● Aim of the task
Locate "Cash flow, investment" in the data below, then output the line it is on and all following lines through the last, word for word. Skip any pictures.

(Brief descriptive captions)
____

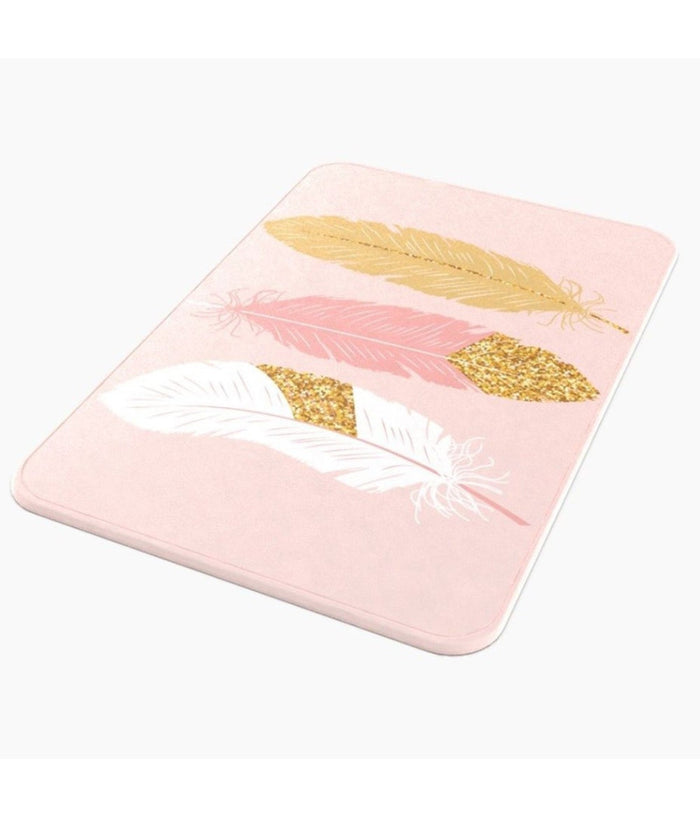 Tappeto Tappetino Antiscivolo Per Bagno Arredo Accessorio Rosa Con Piume 69791         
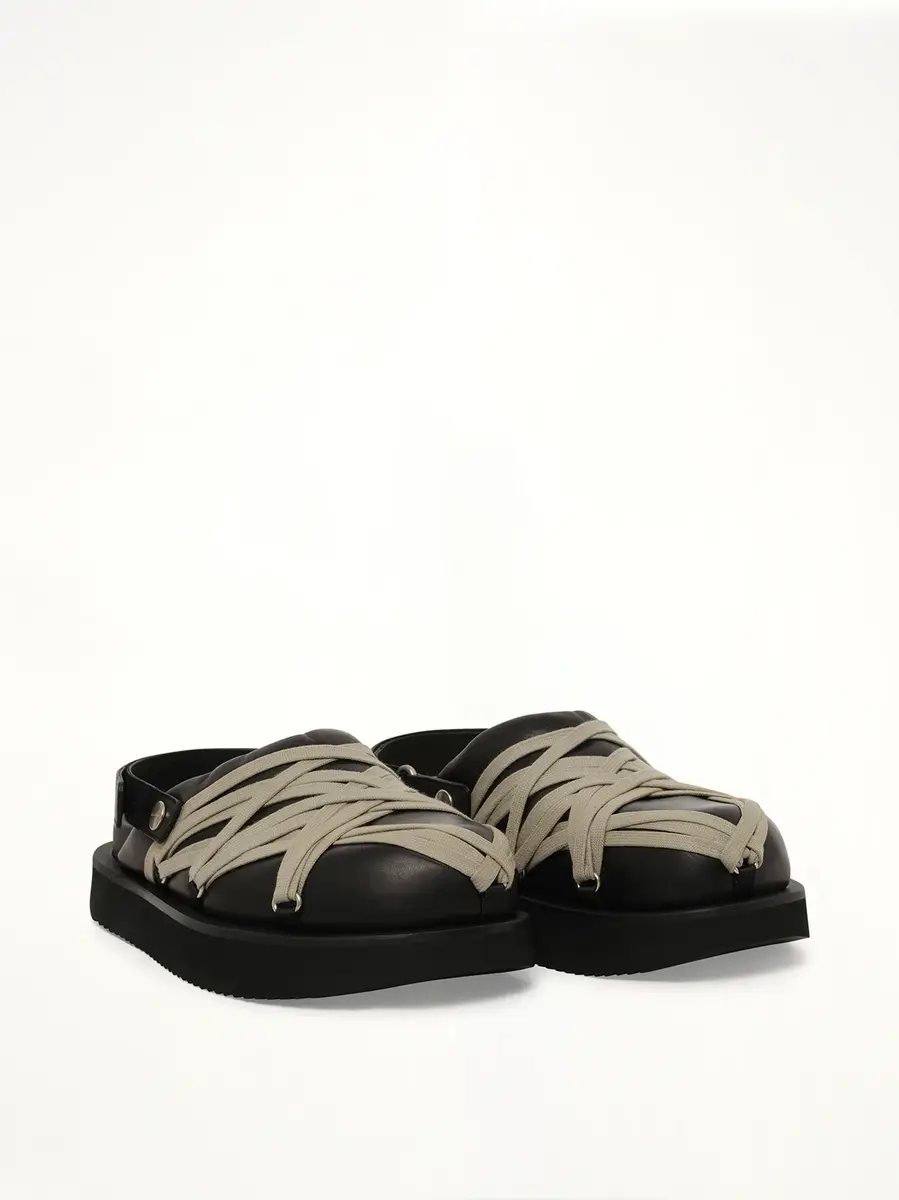 Rick Owens Padded Megalace Sandal in Black/pearl | Thumbnail 2 Rick Owens Padded Megalace Sandal in Black/pearl | Thumbnail 2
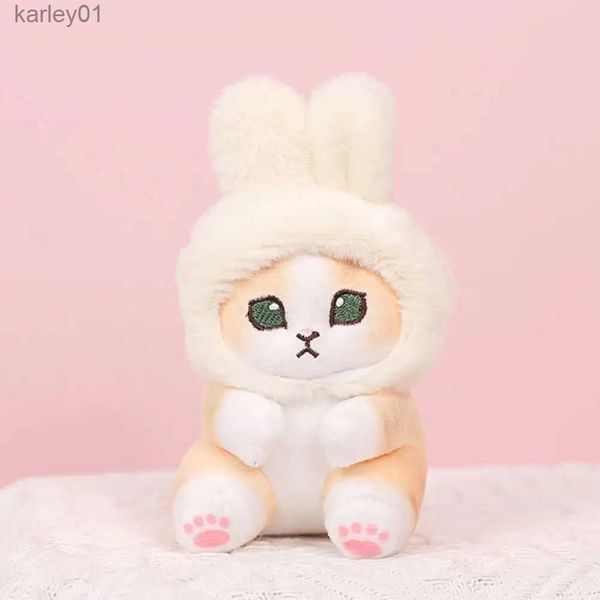 Peluches de peluche Animales Gato Colgante Peluches Adorno Muñeca linda de dibujos animados con sombrero de conejo Suave para llavero Anime YQ240218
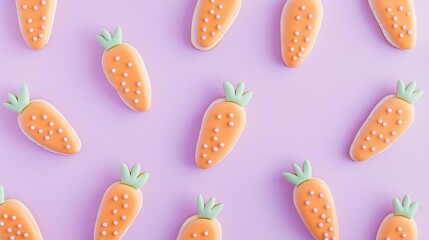 Pattern with carrot shaped cookies and frosting on lilac background. Top view. Easter theme. Flat design. 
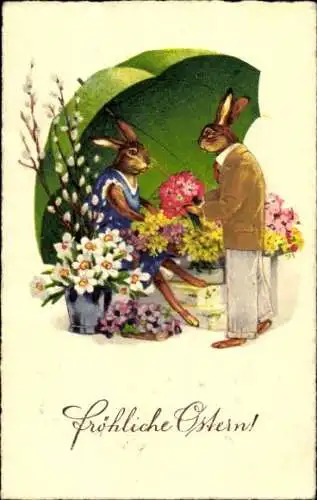 Ak Frohe Ostern, Osterhasen, Häsin als Blumenverkäuferin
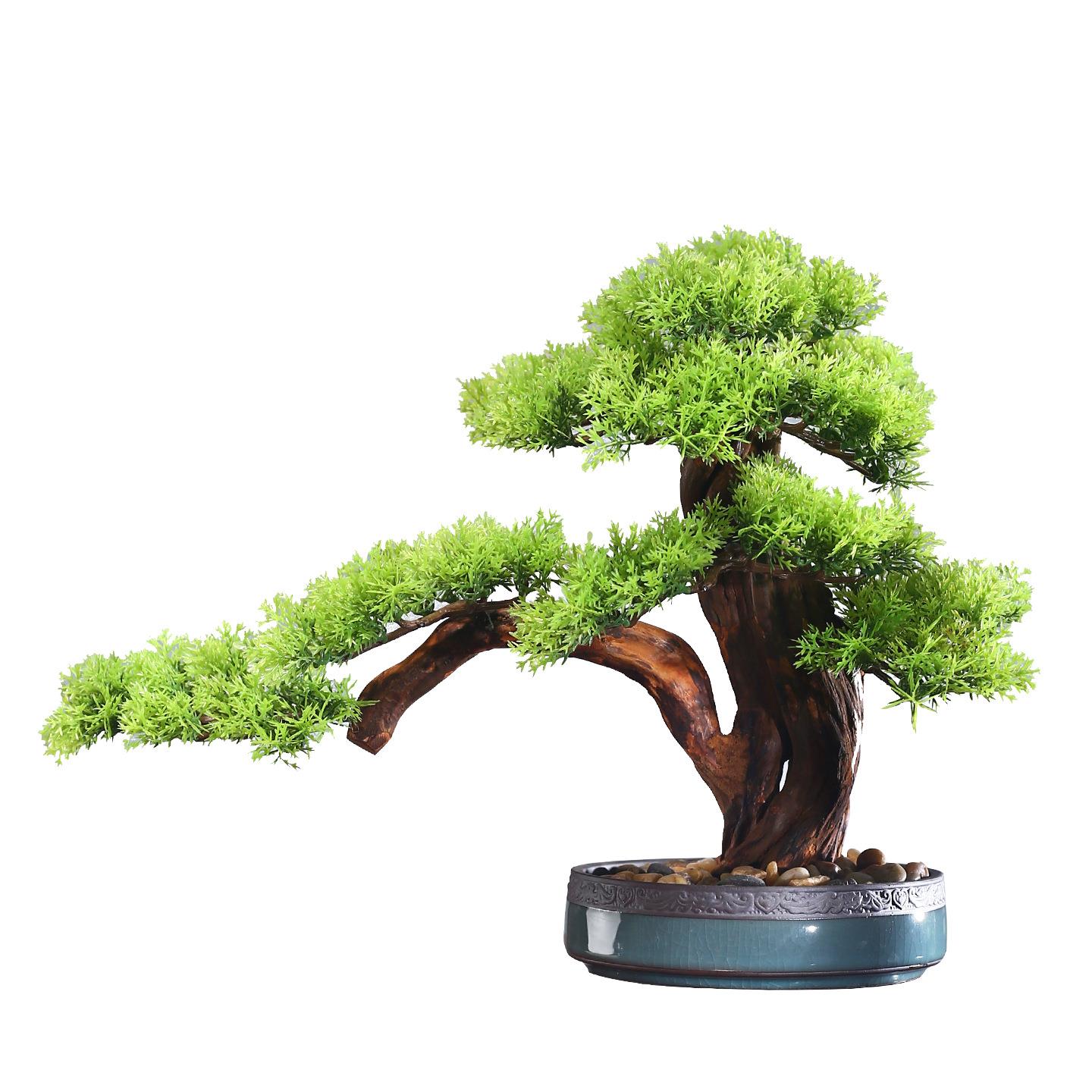 仿真迎客松植物盆景办公室摆件造景客厅玄关装饰品仿真树室内景观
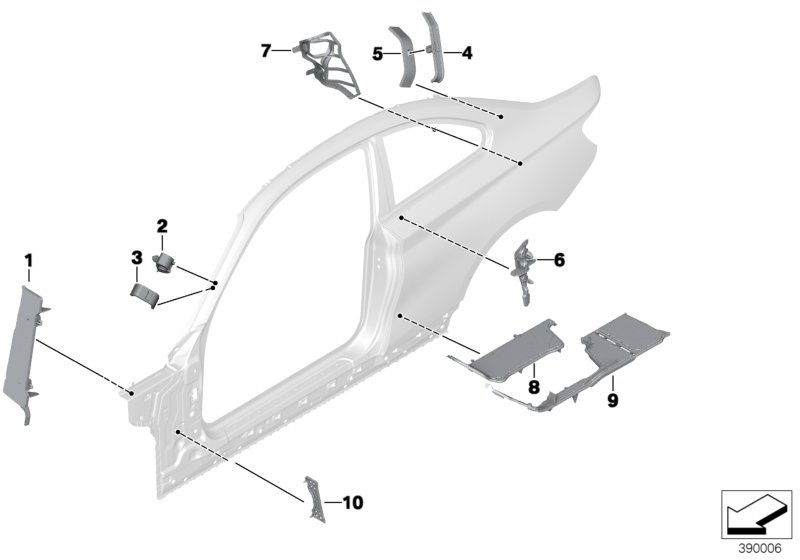 Cavity shielding, side frame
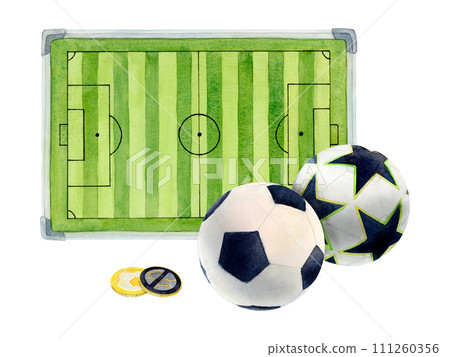Soccer football field pitch watercolor drawing. Gridiron playing surface oval. Green line star pentagon ball. Sports gear train team. Coin token bet match goalkeeper. Design diagram stadium world Soccer football field pitch watercolor drawing. Gridiron playing surface oval. Green line star pentagon ball. Sports gear train team. Coin token bet match goalkeeper. Design diagram stadium world 111260356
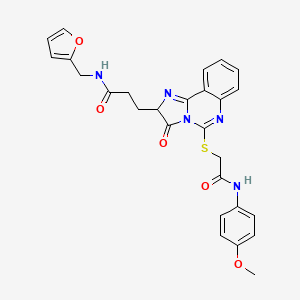 molecular formula C27H25N5O5S B2527917 N-[(furan-2-yl)methyl]-3-[5-({[(4-methoxyphenyl)carbamoyl]methyl}sulfanyl)-3-oxo-2H,3H-imidazo[1,2-c]quinazolin-2-yl]propanamide CAS No. 1037168-20-9
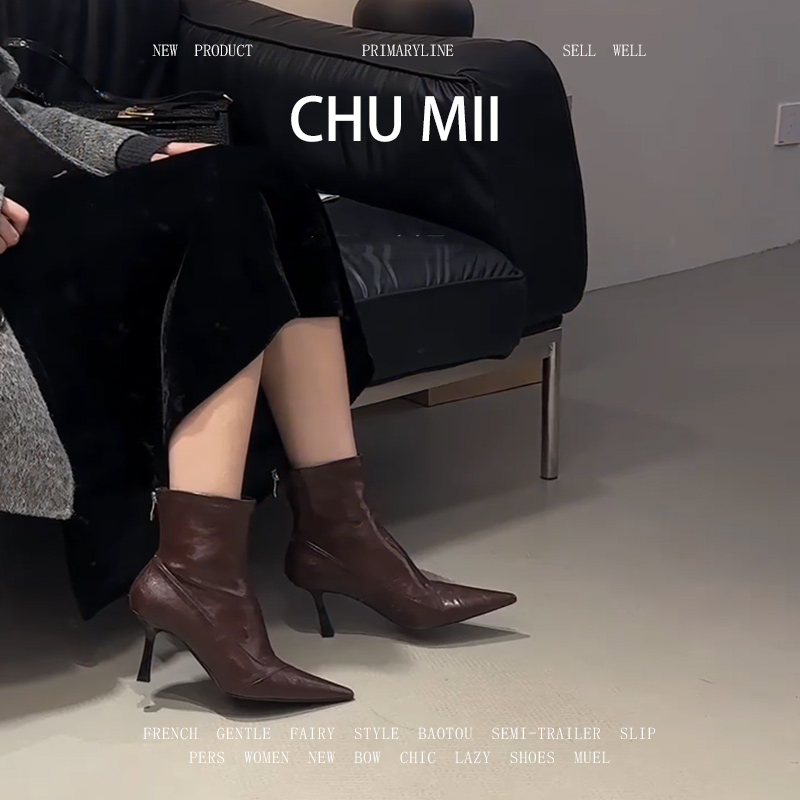 羊皮版~法式复古细跟短靴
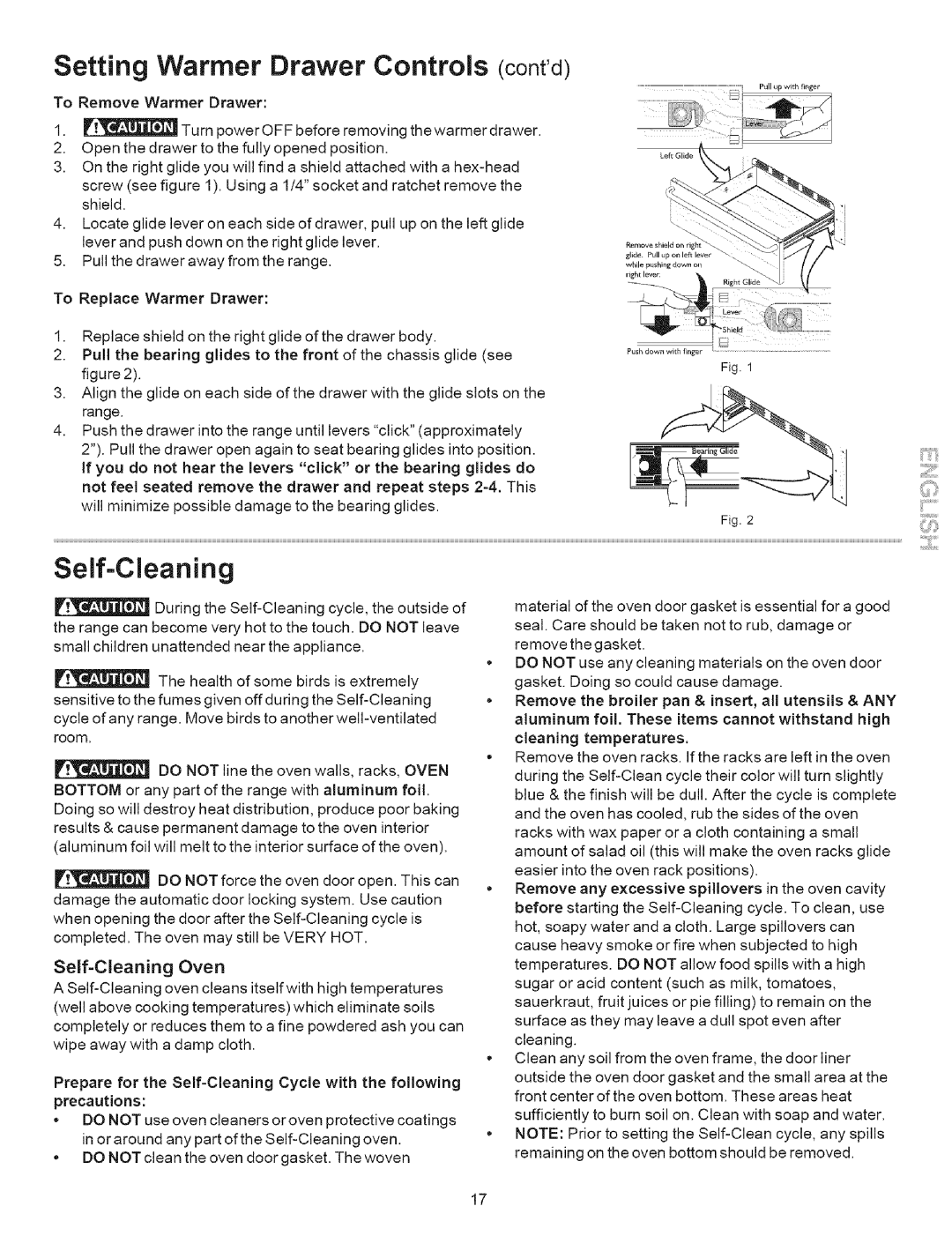 Kenmore 790.9634 manual Setting Warmer Drawer Controls contd, Self-Cleaning Oven, Precautions 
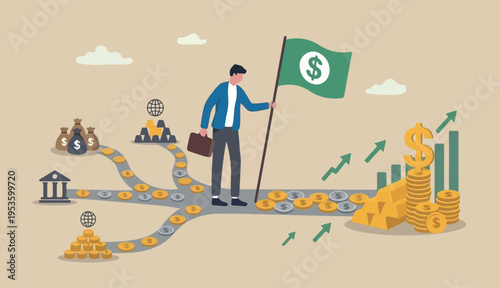 Cash flow, investment fund flow, fund raising, bank loan financial activity making money profit concept, Businessman leader or investor holding flag control flow money Dollar coins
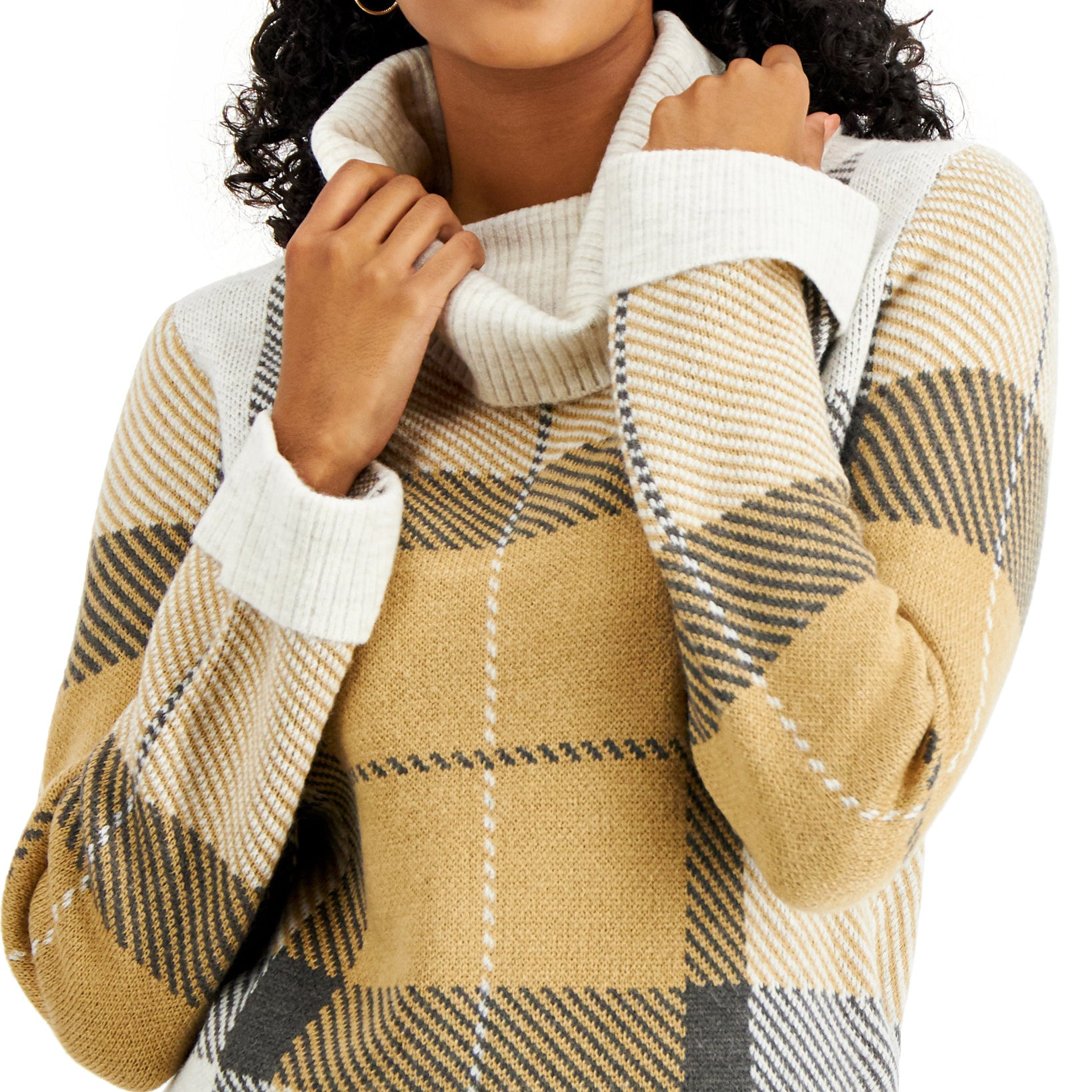 Charter Club Women Plaid Cowlneck Sweater
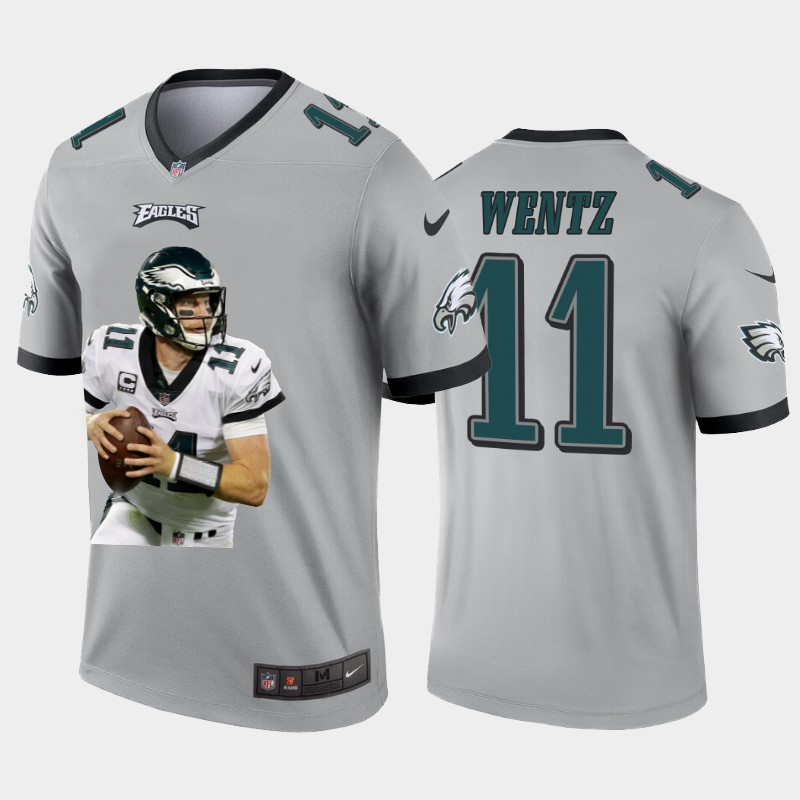 Philadelphia Eagles #11 Carson Wentz Nike Team Hero 3 Vapor Limited NFL Jersey Grey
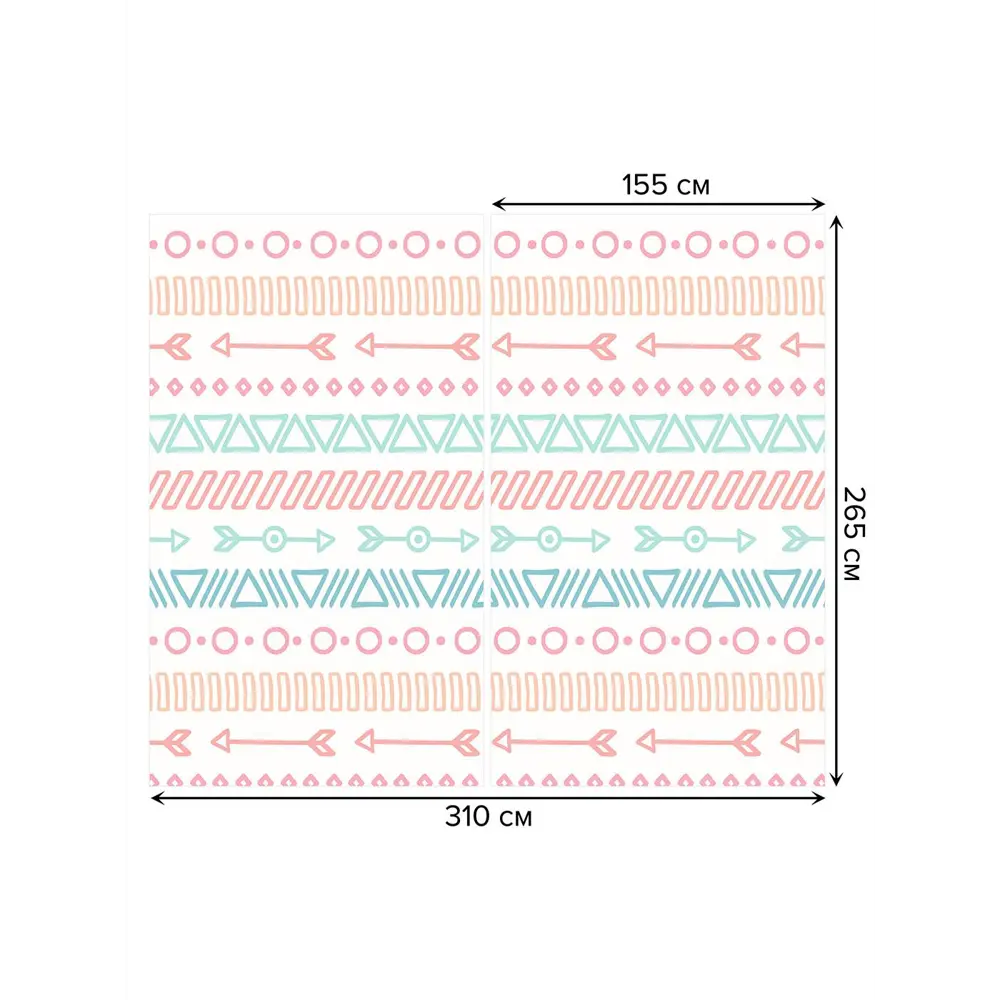 Фото 3 Тюль на шторной ленте Геометрические полосы со стрелами 310х265 см цвет розовый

____

● Written answer
 Cash flow, investment fund flow, fund raising, bank loan financial activity making money profit concept, Businessman leader or investor holding flag control flow money Dollar coins
 Charter Club Women Plaid Cowlneck Sweater
 Philadelphia Eagles #11 Carson Wentz Nike Team Hero 3 Vapor Limited NFL Jersey Grey
 Фото 3 Тюль на шторной ленте Геометрические полосы со стрелами 310х265 см цвет розовый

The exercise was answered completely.